Start of TASK INPUT

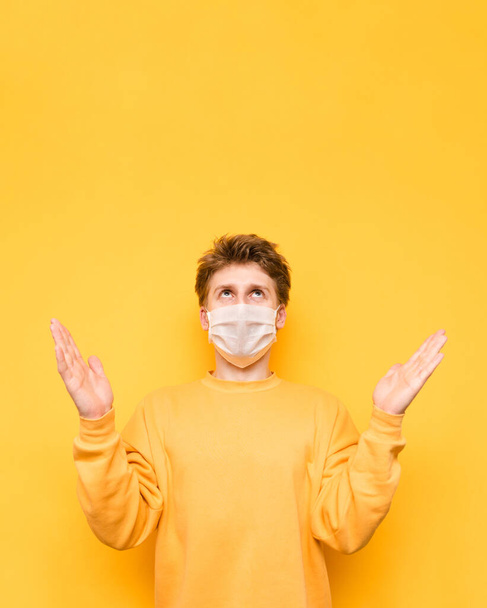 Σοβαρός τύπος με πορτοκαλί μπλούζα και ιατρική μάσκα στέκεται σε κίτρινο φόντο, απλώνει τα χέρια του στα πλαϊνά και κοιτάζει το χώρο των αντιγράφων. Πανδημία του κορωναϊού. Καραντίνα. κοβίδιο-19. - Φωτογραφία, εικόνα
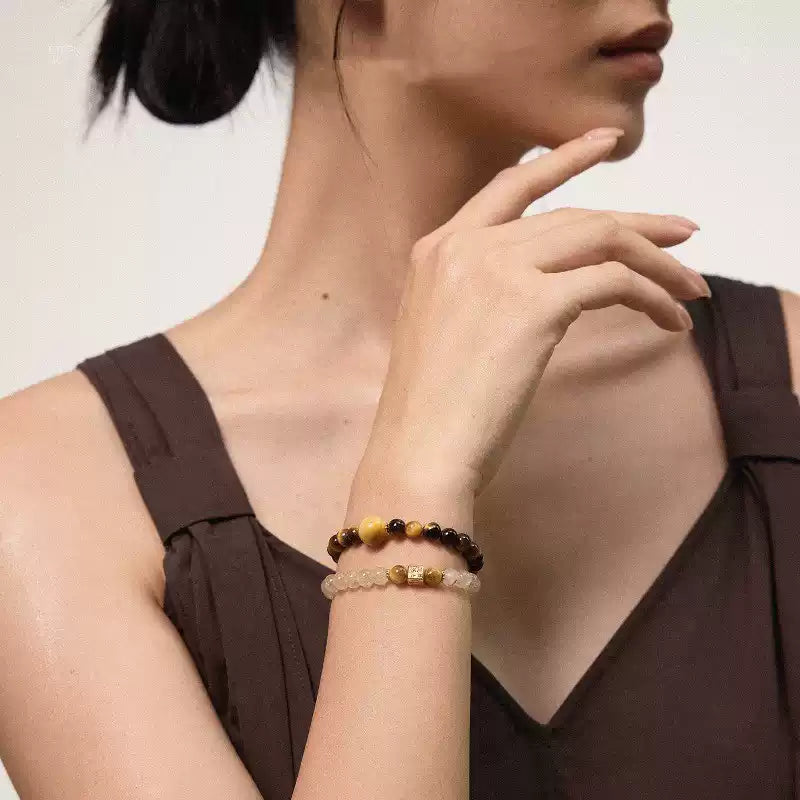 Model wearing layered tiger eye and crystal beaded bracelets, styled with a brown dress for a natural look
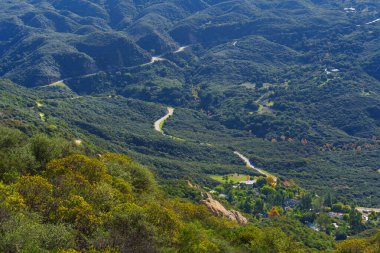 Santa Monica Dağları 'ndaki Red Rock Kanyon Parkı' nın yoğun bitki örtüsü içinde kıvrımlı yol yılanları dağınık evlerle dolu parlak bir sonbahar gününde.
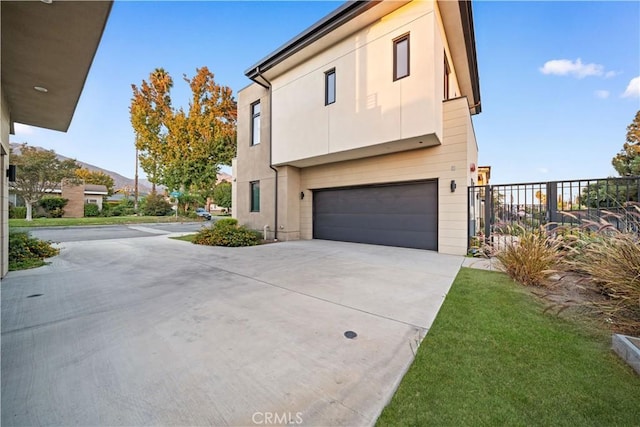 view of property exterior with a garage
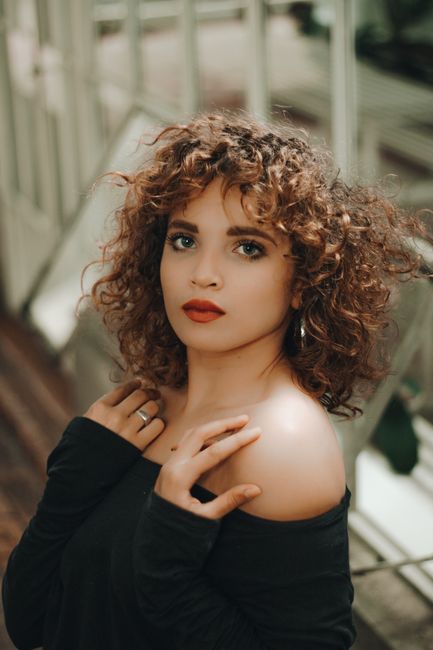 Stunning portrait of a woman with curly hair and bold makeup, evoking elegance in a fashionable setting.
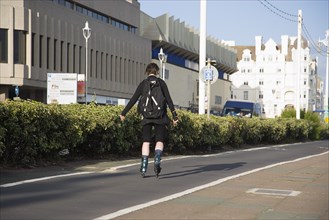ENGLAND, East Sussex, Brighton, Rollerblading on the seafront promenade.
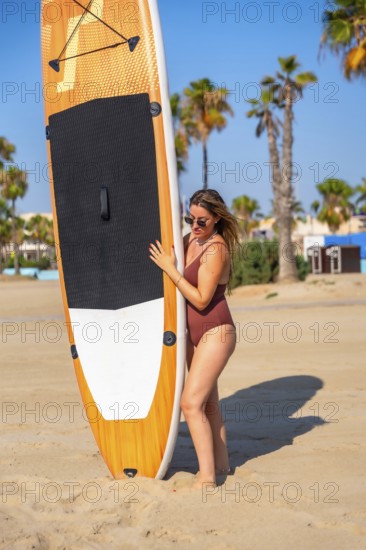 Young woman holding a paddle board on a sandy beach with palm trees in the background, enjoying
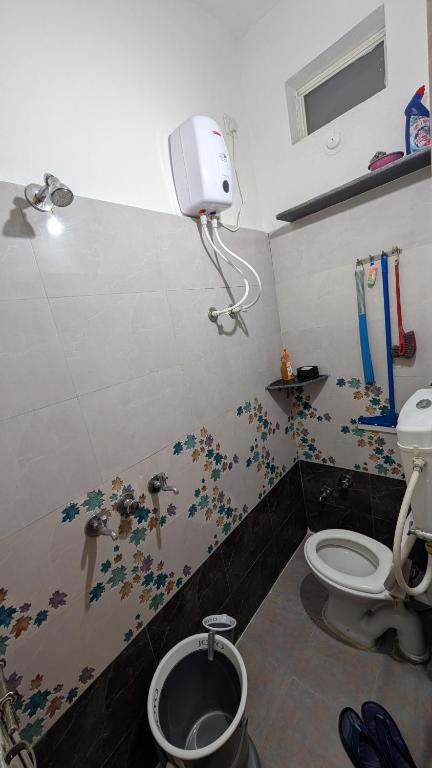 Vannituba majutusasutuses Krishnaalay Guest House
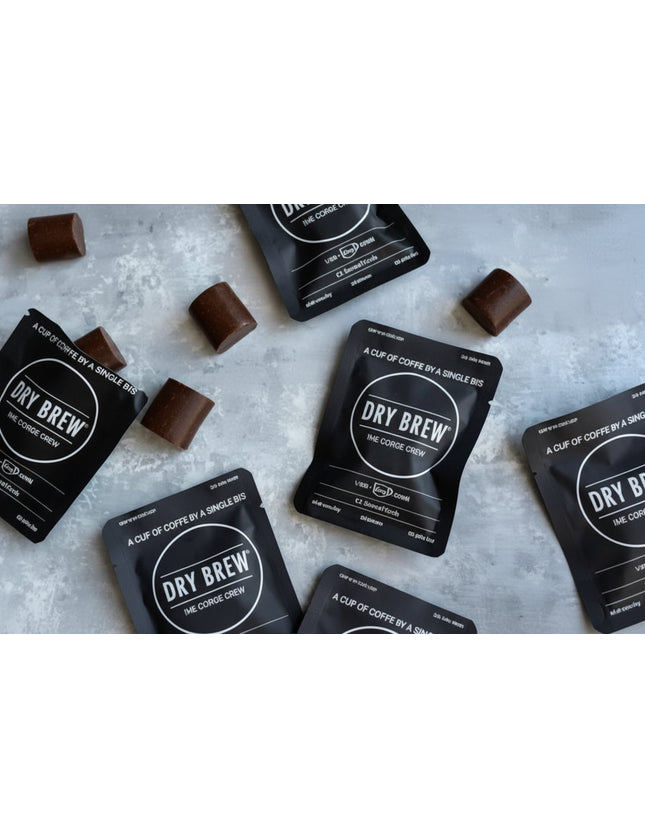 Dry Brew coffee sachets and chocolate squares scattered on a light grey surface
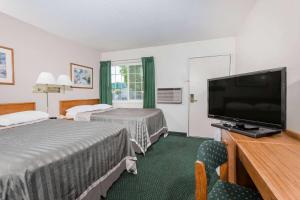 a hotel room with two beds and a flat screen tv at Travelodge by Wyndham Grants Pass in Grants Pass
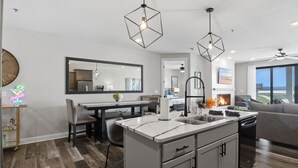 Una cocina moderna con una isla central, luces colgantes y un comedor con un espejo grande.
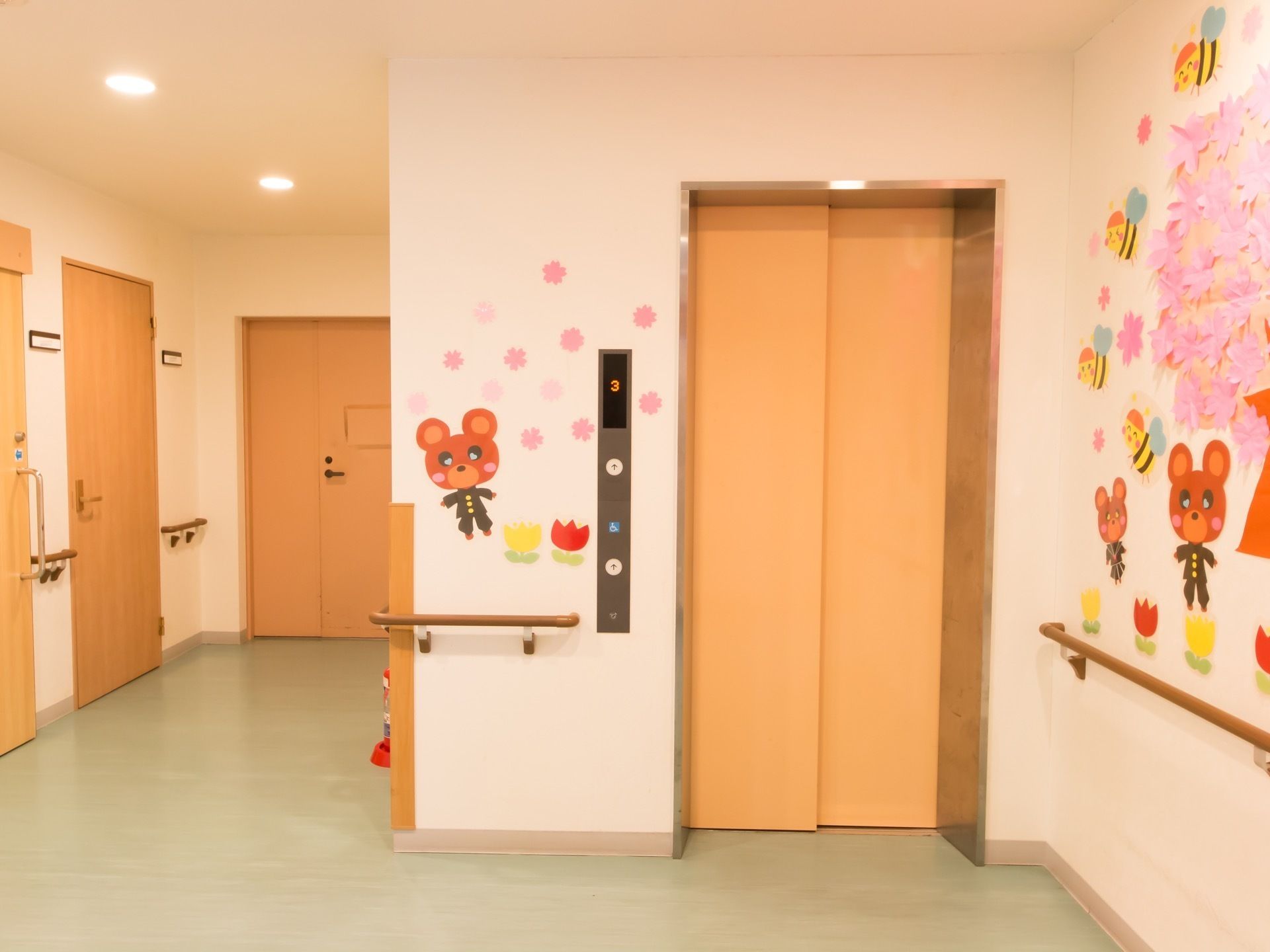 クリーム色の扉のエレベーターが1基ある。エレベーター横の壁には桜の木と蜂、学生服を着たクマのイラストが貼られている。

End of TASK INPUT

● **ASSIGNED TASK**
Pictures are not part of the answer. Restate word for word the lines from the one with "a hotel room" through the last line of the records.

● **TASK ANSWER**
 a hotel room with two beds and a flat screen tv at Travelodge by Wyndham Grants Pass in Grants Pass
 Una cocina moderna con una isla central, luces colgantes y un comedor con un espejo grande.
 クリーム色の扉のエレベーターが1基ある。エレベーター横の壁には桜の木と蜂、学生服を着たクマのイラストが貼られている。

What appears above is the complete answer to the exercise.